Even more than a lack of money or time, corporate culture can sometimes be the largest barrier to change within an organization — and that rings true when it comes to adopting new and better technologies. Analysis recently released by data analytics software company SAS found that internal leadership plays a key role in a company’s ability to integrate new technologies.
According to SAS, while hurdles including data preparation capabilities are key to facilitating the adoption of new data tools, other factors are at play that are less easily addressed.
“Even organizations that are strong in these areas say that they see significant challenges with things like innovation, creativity and leadership,” the company found in a survey conducted in conjunction with IIA for their 2016 IIA and SAS Business Intelligence and Analytics Capabilities Report. “Without a strong vision and buy-in at the executive level, resulting initiatives will naturally fail or underperform.”
Inciting a change in corporate culture to an environment that embraces innovative technology is certainly no easy feat, but the latest analysis from SAS is urging companies to push forward with these efforts, because while there is a cost to integrating disruptive technologies, the cost of remaining stagnant could be higher.
In a new paper authored by Thomas H. Davenport, a data analytics industry advisor and educator, SAS and Deloitte warn against “preserving the status quo.” When it comes to data analytics technologies, failure to upgrade and update systems can hit a company hard.
“Not taking advantage of these analytics modernization opportunities has some substantial implications,” Davenport wrote. “If you don’t modernize your analytics, they’re likely taking too long to run, are not sufficiently visual, they cost too much to operate, require too much expertise to use and so forth.”
He highlighted several case studies that show what he described as “dramatic benefits” these companies realized through data technology modernization. One telecommunications company, he said, saw revenue collections increase by $2 million a month as a result of updating various analytics solutions around collections and customer billing management.
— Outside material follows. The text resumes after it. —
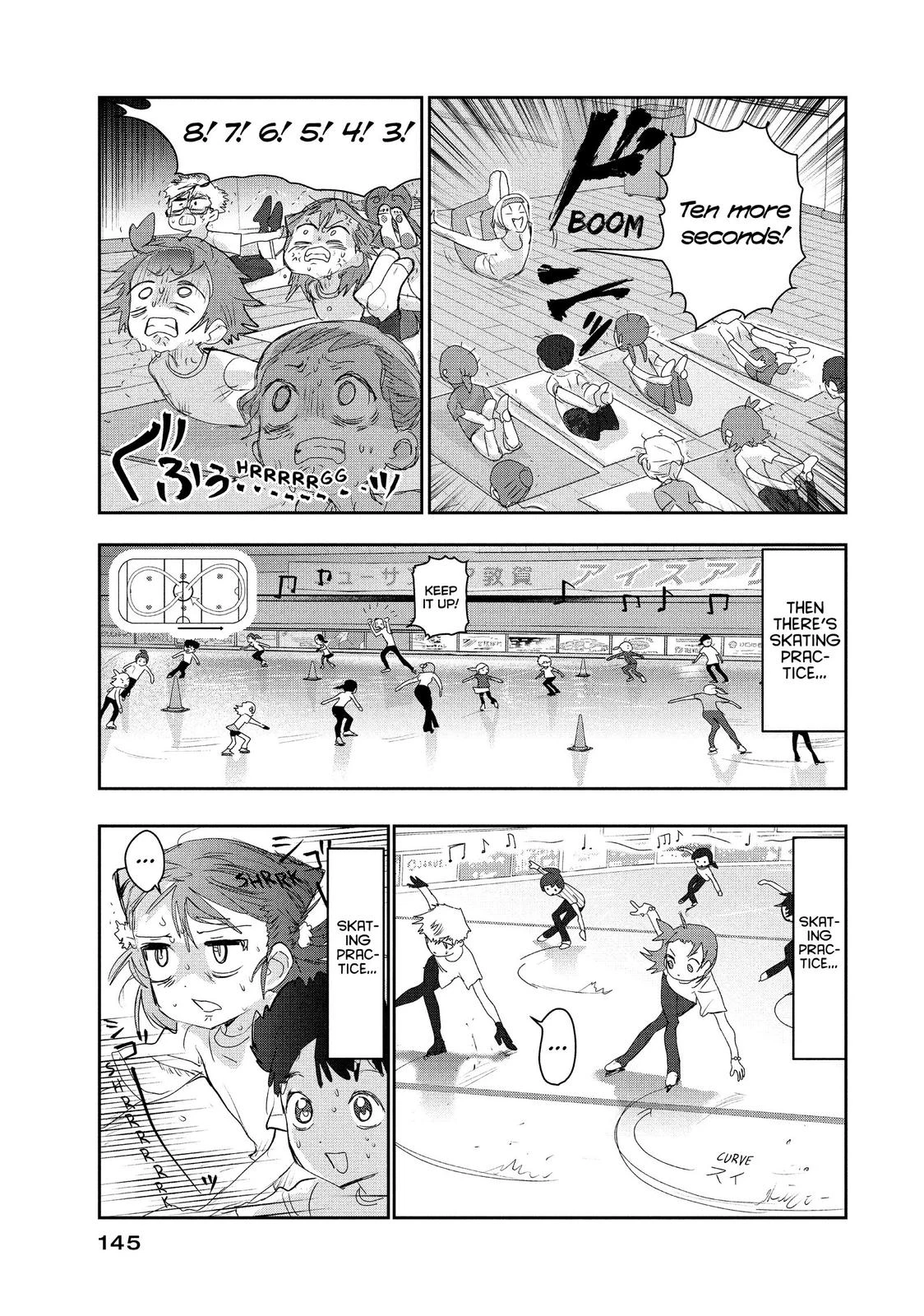 Read Medalist Manga Online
In another case, noted Davenport, one bank in the U.S. deployed data analytics technologies that could aid with faster credit decision-making.
Earlier SAS research found that companies are well aware that updating data technology will be beneficial. In its survey, the majority of mid-market and enterprise firms surveyed (57 percent) said business intelligence is critical to their companies and that their use of sophisticated technologies will increase this year. Sixty percent said they have already experienced benefits from their data analytics and business intelligence tools.
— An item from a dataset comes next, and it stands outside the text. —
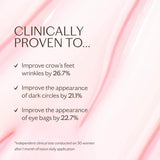 MZ Skin Microtox Tightening Eye Serum 15ml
Modernizing existing systems no doubt has its benefits, but taking the first steps of the process are some of the most difficult. Davenport outlined five steps the enterprise can take to begin: assess technical and human capabilities, generate a proof of concept for new technologies, redesign the work press, address relationships between the enterprise and IT and measure outcomes.
SAS isn’t the first to draw conclusions about the difficulty companies face when trying to upgrade technologies. Research released last month from Forbes and EY Global similarly found that corporate culture often stands in the way of adopting better analytics tools, with executives’ intuition often trumping cold, hard data when a company explores whether to adopt a new tool. Just 35 percent of respondents to their survey said their company has “well established” data and analytics groups within the enterprise.
According to Davenport, though, businesses must work to overcome the hurdle of its own inability to enact change.
“There is little doubt that we are in the age of analytics, and strong analytical capabilities demand modern analytics technologies,” Davenport concluded. “Those companies that have invested in new technologies have achieved great results. I know of few types of investments that will yield greater returns than well-targeted analytical modernization programs.”